Para quem não é do jornalismo, vou contextualizar: a relação entre os jornalistas de redação e os jornalistas de assessoria nem sempre é amistosa. Quem é produtor, repórter e apresentador de programas jornalísticos tem a missão de conseguir a declaração “direto da fonte” e não se contenta – ou não deveria – com os filtros aplicados pela assessoria de governo para construir o alinhamento da comunicação governamental.
Do outro lado, quem é servidor público da área de comunicação vive o eterno aproxima e afasta. Ora fica próximo do assessorado, controlando o que é dito e feito para evitar ou administrar uma crise de reputação pública. Ora está afastado e confiante no trabalho contínuo de preparação do gestor para lidar com a imprensa. Há diferentes estilos de gestão de comunicação e imagem pública de governo, as mais centralizadoras e as mais horizontais.
Por certo, o assessor de imprensa vive uma dualidade na natureza do seu trabalho, pois atende, no mínimo, dois patrões. O jornalista no governo presta contas aos gestores no ofício das funções públicas para garantir a melhor comunicação possível das políticas, ações e decisões da gestão, observando a reputação e imagem do governo e seus políticos. Ao mesmo tempo, deve sopesar o interesse do cidadão, à luz do interesse público, guia norteador de cada passo deste profissional.
A comunicação pública é diferente da comunicação de governo e a linha que as separa deveria ser o distanciamento do centro do poder. Os jornalistas no exercício da comunicação de governo devem estar colados nos gestores. Os jornalistas no exercício da comunicação pública deveriam estar colados na população. Mas então não se pode fazer da comunicação de governo uma comunicação pública? Sim, é possível e desejável. Mas, nestes casos, o assessor deveria entregar e confiar, ser menos centralizador e se dedicar a estratégias com foco no cidadão, por meio da imprensa ou dos canais públicos. Menos controle e mais qualidade.
A falta de consciência do papel e responsabilidades públicas do assessor por parte do governo o induz a agir mais em favor da reputação dos gestores do que no interesse público. Medo de perder o emprego? Em alguns casos, pode ser. Mas, nem sempre. Muitas vezes, a conduta de trabalhar com foco no assessorado e não na população é tão naturalizada que mesmo assessores concursados agem nesta direção.

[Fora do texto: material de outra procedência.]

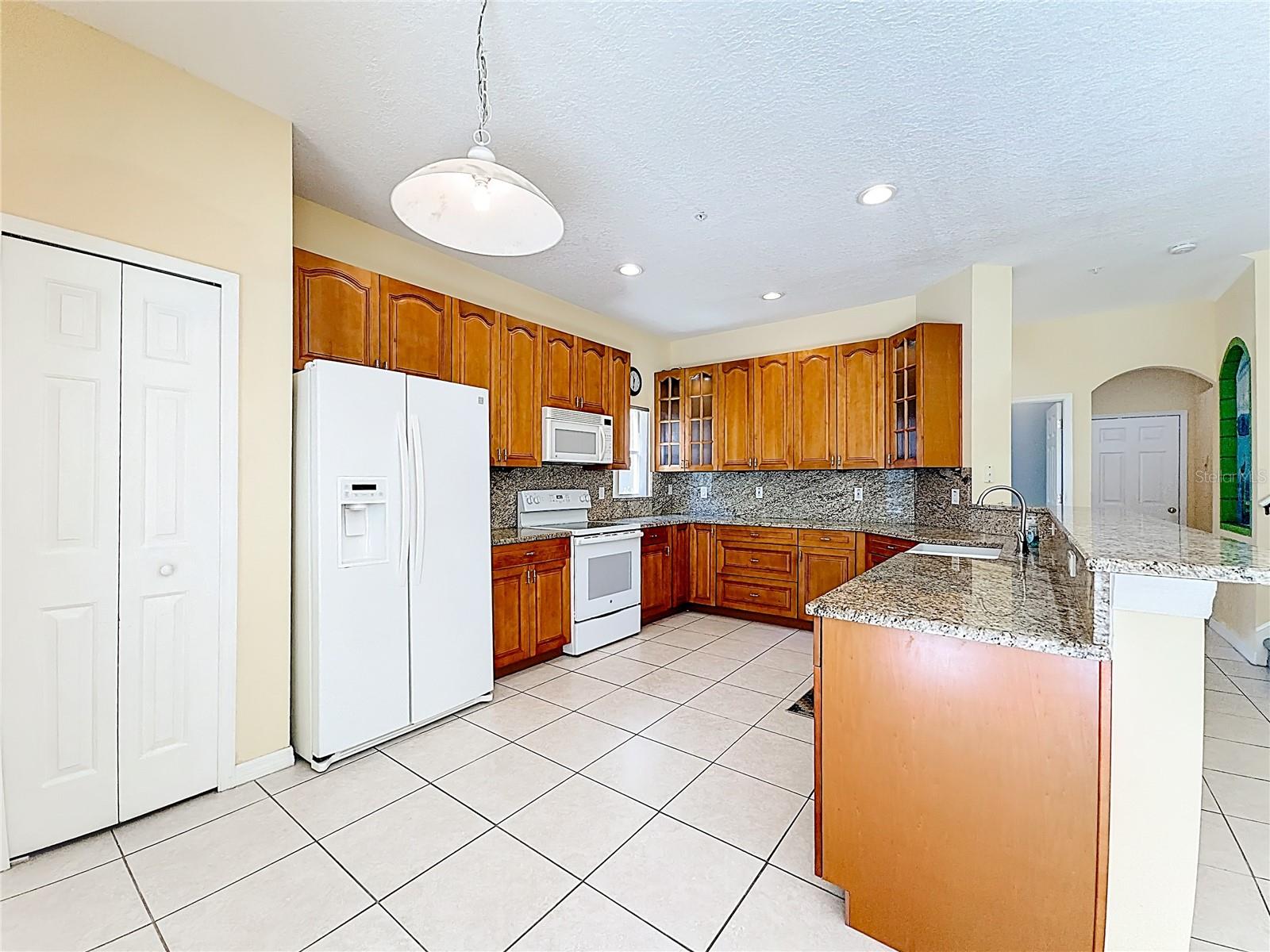 Image 8 of 60 For 11117 Kapok Grand Circle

A disputa leva ao exercício do micropoder, dos dois lados. A queda de braço silenciosa entre o lado veículo e o lado governo pode nem chegar ao assessorado, menos ainda ao diretor de redação. Fica ali oculta na produção da notícia diária, submersa pela eterna engrenagem de novos fatos e frases, incansável e persistente, “carinhosamente” chamada de máquina de moer jornalistas.
Outro ponto a favor da menor centralização da comunicação é a lógica horizontal do ecossistema de mídia, cada vez mais multicanais. Os meios para alcançar uma fonte estão cada vez mais diversos e, muitas vezes, a intenção do jornalista não é passar por cima do assessor, mas chegar mais rápido à fonte e, consequentemente, atualizar a informação para o público.
Há lugares distintos de trabalho, para alguns a assessoria, para outros os veículos. A linha a separar os dois lados está cada vez mais borrada. Se o profissionalismo e o interesse público prevalecerem, não haverá duas trincheiras e sim a conduta em comum pela comunicação pública e democrática. Utopia? Talvez. Mas, por ora, encaro como o sonho que eu convido todos a sonharem junto comigo.